On the remand, the District Court, after a full hearing, found that the Board members 'reached their individual and collective decision on the merits, free from any dictation or suggestion * * *' and again dismissed the writ. The Court of Appeals reversed, one judge dissenting, 219 F.2d 77, 80. The opinion of the court based its conclusion on the ground that the 'Attorney General's statements (had) unconsciously influence(d) the Board members so that they felt obliged not to exercise their discretion and, without doing so, to decide against Accardi.' The chief judge concurring in the result, thought that our prior opinion merely required Accardi to prove 'that there was a list as alleged, that he was on it, and that this fact was known to the Board.' The dissenting judge, on the other hand, read our opinion as meaning 'no more * * * than that (Accardi's) allegations sufficiently charged 'dictation' by the Attorney General,' entitling Accardi to a hearing on the question of 'whether the Board's denial of discretionary relief represented its own untrammelled decision or one dictated by the Attorney General.' Page 90. He concluded that the finding of the trial judge was not clearly erroneous. We agree with the dissenting judge both as to the interpretation of our prior opinion and its application to the facts of this case.
The opinion of the court recognized that, before Accardi was entitled to another Board hearing, he had to prove that a majority of the Board not only knew of the 'list' but were affected by it. However, the opinion concluded that the Board's position that its judgment had not been affected the 'the list' was incredible. We find nothing incredible in the uncontradicted testimony produced before the trial judge through a number of witnesses including the Board members. The record shows that in fact there was no list, as such, and hence that one could not have been circulated among the members of the Board; that the fanfare of publicity complained of was in connection with the Attorney General's 'deportation program'; that this program was never publicly related to Accardi until after the Board's decision; that only one Board member knew Accardi was covered by the program, while two others and the Chairman never had such knowledge until after their decision; that the fifth member asserted that he 'may have known (of Accardi's inclusion in the program) but * * * couldn't say'; and that no person in the Department of Justice ever directly or indirectly approached any Board member as to the matter. It seems to us that the record fully supports the District Court's conclusion that the Board's decisions represented the free and undictated decision of each member. Among the eight witnesses who gave testimony concerning the matter, was the Attorney General.
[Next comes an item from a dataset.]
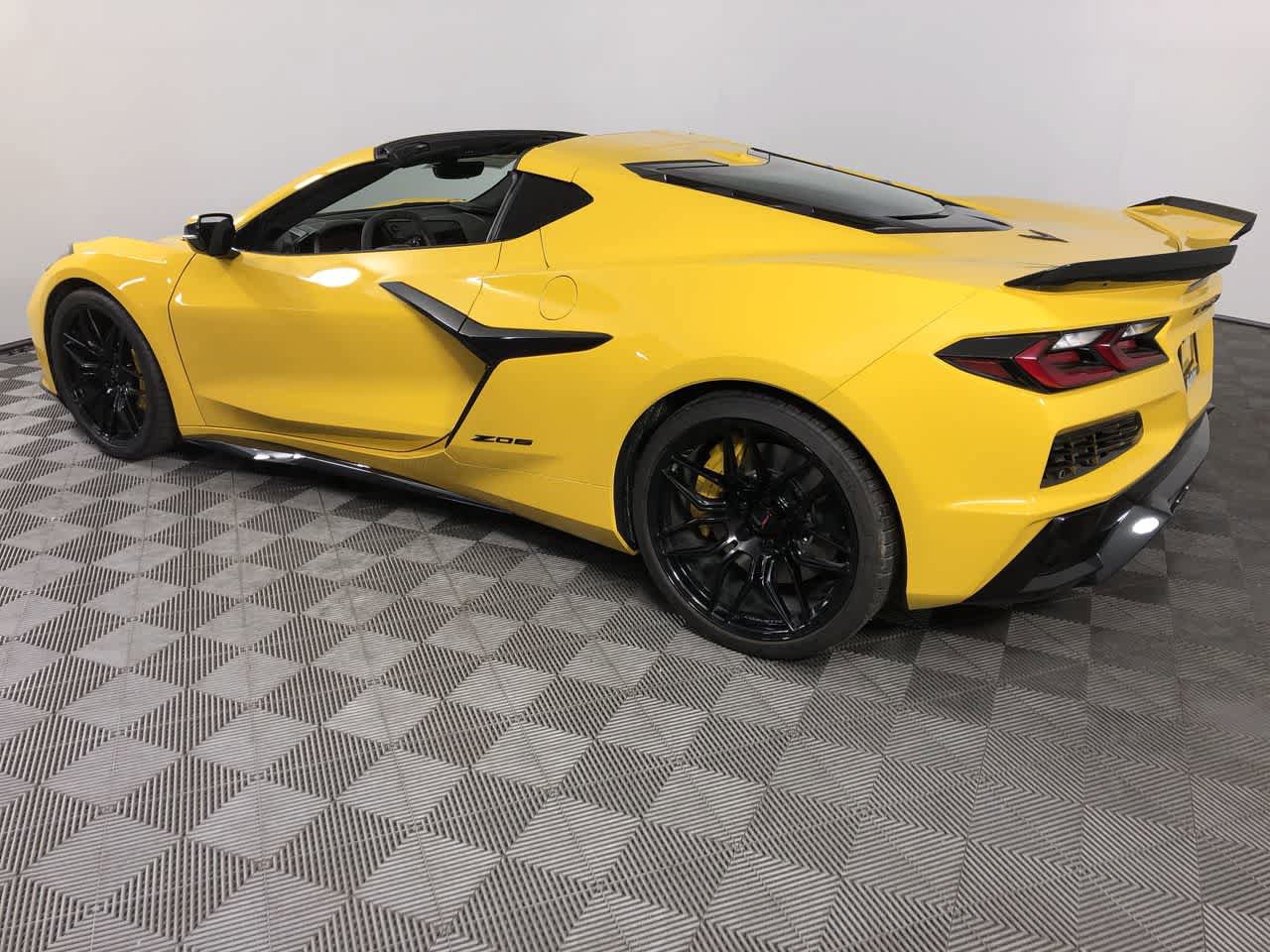 New 2026 Chevrolet Corvette Z06 w/ Battery Protection Package image 7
He testified that there was no list; that his investigation 'indicated that (Accardi) was a racketeer and that is the reason (he) moved to deport him'; that he 'never at any time discussed this matter with any member of the (Board).' In the face of such evidence, we do not believe that speculation on the effect of subconscious psychological pressures provides sufficient justification for rejecting the District Court's finding as clearly erroneous.
Accardi emphasizes the trial court's finding that the Board had notice of the program and of his inclusion therein. This 'notice,' at most, was given only to the calendar clerk of the Board so that the hearing of certain cases might be expedited. The testimony that it was not furnished to members of the Board or the Chairman is undisputed.
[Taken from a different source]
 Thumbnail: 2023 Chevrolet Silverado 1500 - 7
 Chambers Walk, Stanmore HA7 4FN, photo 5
We believe that Accardi has had the hearing required by our previous opinion and that he has failed to prove his case.
Accordingly, the judgment of the Court of Appeals is reversed and that of the District Court affirmed.
Reversed and remanded.
Mr. Justice HARLAN took no part in the consideration or decision of this case.
Mr. Justice BLACK, with whom Mr. Justice FRANKFURTER joins, dissenting.
There is disagreement here as there was in the Court of Appeals as to precisely what was meant by our former opinion and holding in this case. United States ex rel. Accardi v. Shaughnessy, 347 U.S. 260, 74 S.Ct. 499, 98 L.Ed. 681. This is not surprising in view of ambiguity of language at its best. The Court gives our former opinion a different and in some respects a narrower meaning than I would. I think the Court's interpretation deprives Accardi of a right which I thought our first opinion guaranteed him as far as possible under existing law—an opportunity to have his rights determined by a tribunal which had not already made up its mind based on anonymous information. Consideration of this basic issue requires a more extensive reference to the record in this and the prior case than the Court has found it necessary to give. Accardi's rights cannot be fairly determined on broad legal generalizations or by merely interpreting our former opinion. If that opinion means no more than the Court indicates then Accardi's right to have suspension of his deportation determined without prejudgment by the Attorney General has never been passed on.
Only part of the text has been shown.